Ketika sudah tergabung, Boaz terkejut atas penipuan yang terjadi dari dukun ke pasien. Ternyata, para dukun melakukan manipulasi. Sebab dia diajari oleh para rekan sesama dukun ihwal materi pantomim, sulap, menirukan perilaku orang pingsan dan kesurupan, pura-pura muntah, hingga latihan pemijatan.
Tak berhenti sampai di situ, Boaz juga diajari teknik memuntahkan benda asing, yang selama ini jadi andalan dukun. Ternyata, para dukun terlebih dahulu menyembunyikan benda asing di mulut mereka. Lalu di momen yang tepat mereka mengeluarkannya sembari mengigit lidah atau melukai gusi supaya keluar darah.
Begitu pula ketika dukun mengeluarkan benda asing dari tubuh. Mereka sudah menyiapkan benda asing itu terlebih dahulu sebelum berpura-pura mengangkatnya dari tubuh.
Praktis ketika diperlihatkan, pasien atau penonton akan takjub. Pasalnya, dukun secara tragis bisa mengobati penyakit dengan mengangkat benda asing. Padahal, itu semua sudah direncanakan terlebih dahulu lewat sistem manipulasi.
Cara seperti ini lantas dilakukan Boaz ketika dia benar-benar praktik menjadi dukun. Dengan tipu muslihat demikian, Boaz sukses membuat takjub banyak orang. Dalam sekejap, dia menjadi dukun ternama di Kanada. Itu semua terjadi tanpa sedikit orang tahu kalau dia peneliti yang berpura-pura jadi dukun.
Dari proses penyamaran itu pula diketahui ada faktor ekonomi yang melandasi gerak langkah dukun. Masih mengutip paparan Levi-Strauss, Boaz melihat para dukun tersebut ternyata iri atas kekayaan pasien.
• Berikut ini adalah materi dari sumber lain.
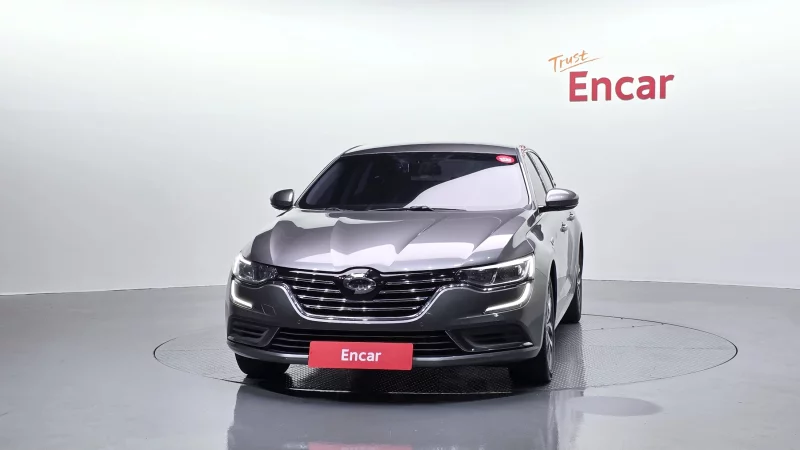 Renault SM6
Para pasien yang kaya dan menderita menjadi sasaran empuk para dukun untuk menggerogoti kekayaan pasien. Dukun perlahan akan meminta uang sebagai jasa penyembuhan. Dari sini kelak muncul bisnis perdukunan. Padahal itu semua hanya rekayasa.
Apa yang ditemukan Boaz tahun 1900-an, pada akhirnya dipertegas kembali oleh Levi-Strauss. Pada 1949, Strauss juga membongkar praktik dukun santet yang selama ini hanyalah permainan kepercayaan.
Menurut Strauss dalam “Dukun dan Sihirnya” (1949), dukun dan santet dapat berjalan efektif jika tiga unsur ini saling terikat.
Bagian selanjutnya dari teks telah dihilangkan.